--- SUPPLIED RECORDS ---

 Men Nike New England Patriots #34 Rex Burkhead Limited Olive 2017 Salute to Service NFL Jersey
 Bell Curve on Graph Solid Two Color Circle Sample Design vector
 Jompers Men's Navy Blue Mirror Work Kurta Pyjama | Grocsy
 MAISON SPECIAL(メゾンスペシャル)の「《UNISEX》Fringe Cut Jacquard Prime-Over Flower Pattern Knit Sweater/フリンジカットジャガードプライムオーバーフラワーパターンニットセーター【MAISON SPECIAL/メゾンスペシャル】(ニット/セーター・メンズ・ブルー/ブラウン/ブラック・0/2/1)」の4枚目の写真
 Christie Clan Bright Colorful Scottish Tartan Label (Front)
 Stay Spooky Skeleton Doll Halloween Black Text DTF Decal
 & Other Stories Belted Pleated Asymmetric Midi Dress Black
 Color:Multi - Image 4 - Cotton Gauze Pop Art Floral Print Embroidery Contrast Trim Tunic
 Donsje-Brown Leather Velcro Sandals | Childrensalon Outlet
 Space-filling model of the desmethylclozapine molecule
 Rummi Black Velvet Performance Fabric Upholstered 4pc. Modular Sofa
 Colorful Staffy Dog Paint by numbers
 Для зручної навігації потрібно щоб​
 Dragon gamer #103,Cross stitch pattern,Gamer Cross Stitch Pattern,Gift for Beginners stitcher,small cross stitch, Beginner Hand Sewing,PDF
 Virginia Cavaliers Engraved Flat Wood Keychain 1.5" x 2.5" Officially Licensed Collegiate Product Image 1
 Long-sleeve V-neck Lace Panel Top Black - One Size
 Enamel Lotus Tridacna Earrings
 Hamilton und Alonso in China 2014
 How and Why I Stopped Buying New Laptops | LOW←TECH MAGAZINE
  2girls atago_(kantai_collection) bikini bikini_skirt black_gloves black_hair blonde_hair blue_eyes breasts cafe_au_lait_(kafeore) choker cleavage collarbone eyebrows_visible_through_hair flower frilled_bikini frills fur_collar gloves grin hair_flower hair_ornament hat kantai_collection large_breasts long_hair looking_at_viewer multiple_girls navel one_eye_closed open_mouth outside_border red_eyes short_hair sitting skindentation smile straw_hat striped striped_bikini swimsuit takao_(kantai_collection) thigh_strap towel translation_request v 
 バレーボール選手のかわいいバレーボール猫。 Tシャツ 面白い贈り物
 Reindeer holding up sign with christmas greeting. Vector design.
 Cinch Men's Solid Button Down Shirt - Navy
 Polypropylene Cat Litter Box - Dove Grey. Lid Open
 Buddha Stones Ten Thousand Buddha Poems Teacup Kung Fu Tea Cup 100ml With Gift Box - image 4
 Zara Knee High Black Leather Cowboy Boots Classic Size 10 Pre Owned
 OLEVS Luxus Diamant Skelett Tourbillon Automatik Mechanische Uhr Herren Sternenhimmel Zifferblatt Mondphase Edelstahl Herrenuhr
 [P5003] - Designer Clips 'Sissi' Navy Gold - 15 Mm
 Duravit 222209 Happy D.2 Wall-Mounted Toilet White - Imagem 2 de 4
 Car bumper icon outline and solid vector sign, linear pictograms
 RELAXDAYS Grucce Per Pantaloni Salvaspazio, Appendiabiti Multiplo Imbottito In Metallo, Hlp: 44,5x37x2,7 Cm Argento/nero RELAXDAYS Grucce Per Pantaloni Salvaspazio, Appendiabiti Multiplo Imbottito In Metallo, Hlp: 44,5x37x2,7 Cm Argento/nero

---

- [WHAT IS EXPECTED]:
Produce verbatim the lines starting at the one with "Zara Knee High" and ending at the last line of the material, both ends included. Add no other line.

- [WRITTEN SOLUTION]:
 Zara Knee High Black Leather Cowboy Boots Classic Size 10 Pre Owned
 OLEVS Luxus Diamant Skelett Tourbillon Automatik Mechanische Uhr Herren Sternenhimmel Zifferblatt Mondphase Edelstahl Herrenuhr
 [P5003] - Designer Clips 'Sissi' Navy Gold - 15 Mm
 Duravit 222209 Happy D.2 Wall-Mounted Toilet White - Imagem 2 de 4
 Car bumper icon outline and solid vector sign, linear pictograms
 RELAXDAYS Grucce Per Pantaloni Salvaspazio, Appendiabiti Multiplo Imbottito In Metallo, Hlp: 44,5x37x2,7 Cm Argento/nero RELAXDAYS Grucce Per Pantaloni Salvaspazio, Appendiabiti Multiplo Imbottito In Metallo, Hlp: 44,5x37x2,7 Cm Argento/nero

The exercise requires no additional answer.